Transcribe the line that contains "Photos of Ramina Hotel" and every line after it to the end of the records, exactly and nothing else. Skip the pictures.

━━━━━ Data for this task ━━━━━

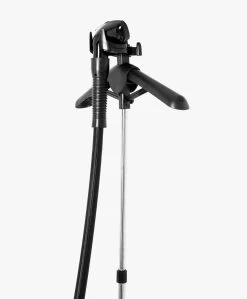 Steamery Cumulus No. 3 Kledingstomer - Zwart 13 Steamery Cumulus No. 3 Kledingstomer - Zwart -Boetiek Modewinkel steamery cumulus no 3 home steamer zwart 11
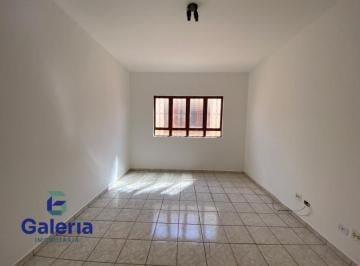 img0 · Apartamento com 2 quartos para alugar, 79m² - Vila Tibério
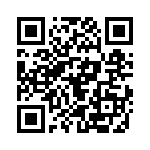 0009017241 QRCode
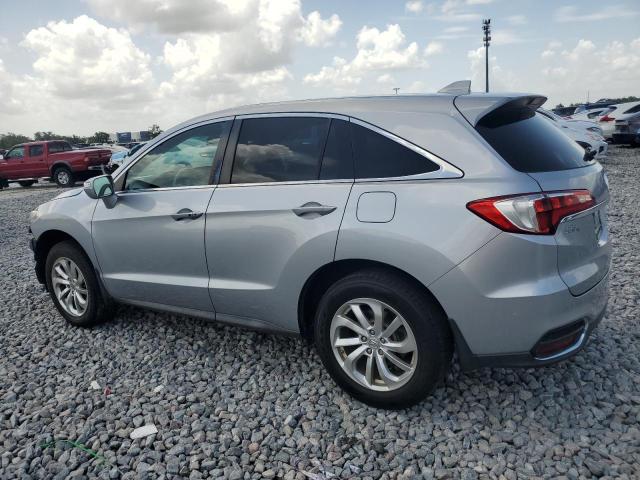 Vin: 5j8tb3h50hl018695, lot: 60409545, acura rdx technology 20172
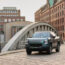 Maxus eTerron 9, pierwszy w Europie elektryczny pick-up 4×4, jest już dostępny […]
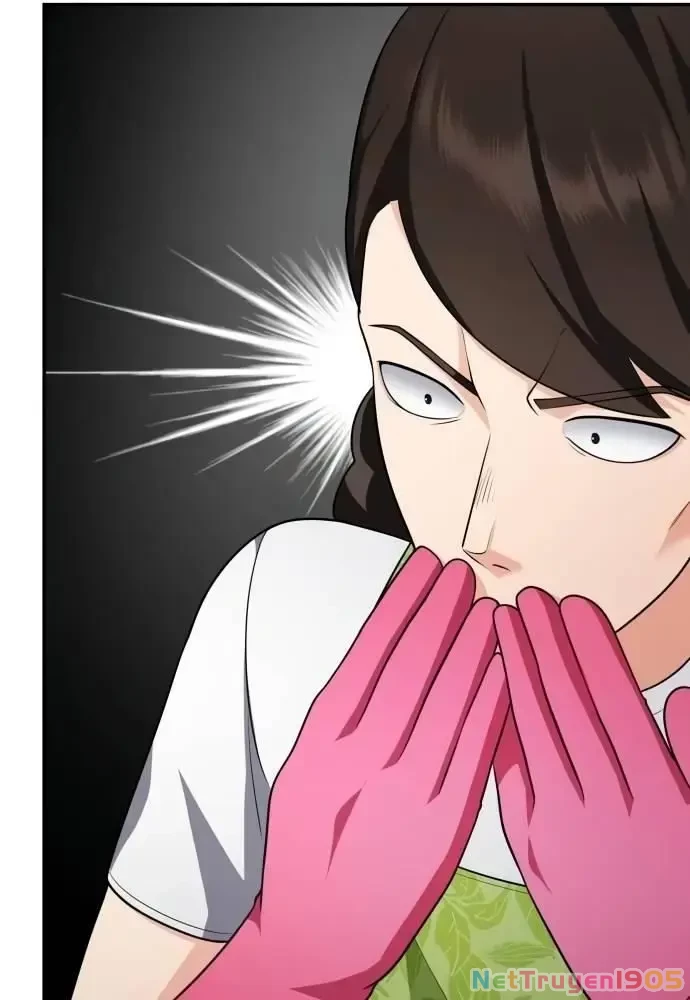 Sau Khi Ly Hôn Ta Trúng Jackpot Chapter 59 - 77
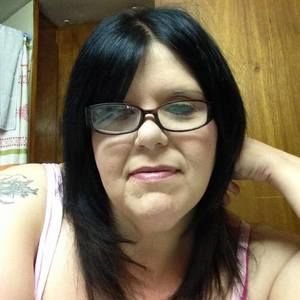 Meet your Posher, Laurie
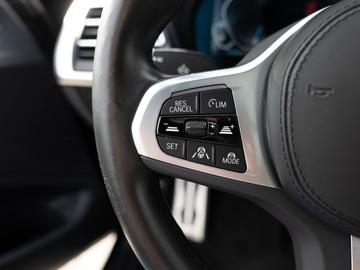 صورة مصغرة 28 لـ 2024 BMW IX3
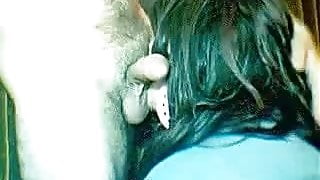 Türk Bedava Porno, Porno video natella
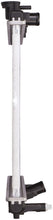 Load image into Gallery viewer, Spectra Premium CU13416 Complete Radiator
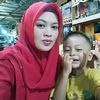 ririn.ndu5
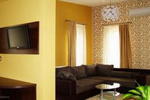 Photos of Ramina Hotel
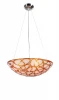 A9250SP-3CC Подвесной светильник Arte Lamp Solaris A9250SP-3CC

━━━━━

▶ _Output_
 Photos of Ramina Hotel
 A9250SP-3CC Подвесной светильник Arte Lamp Solaris A9250SP-3CC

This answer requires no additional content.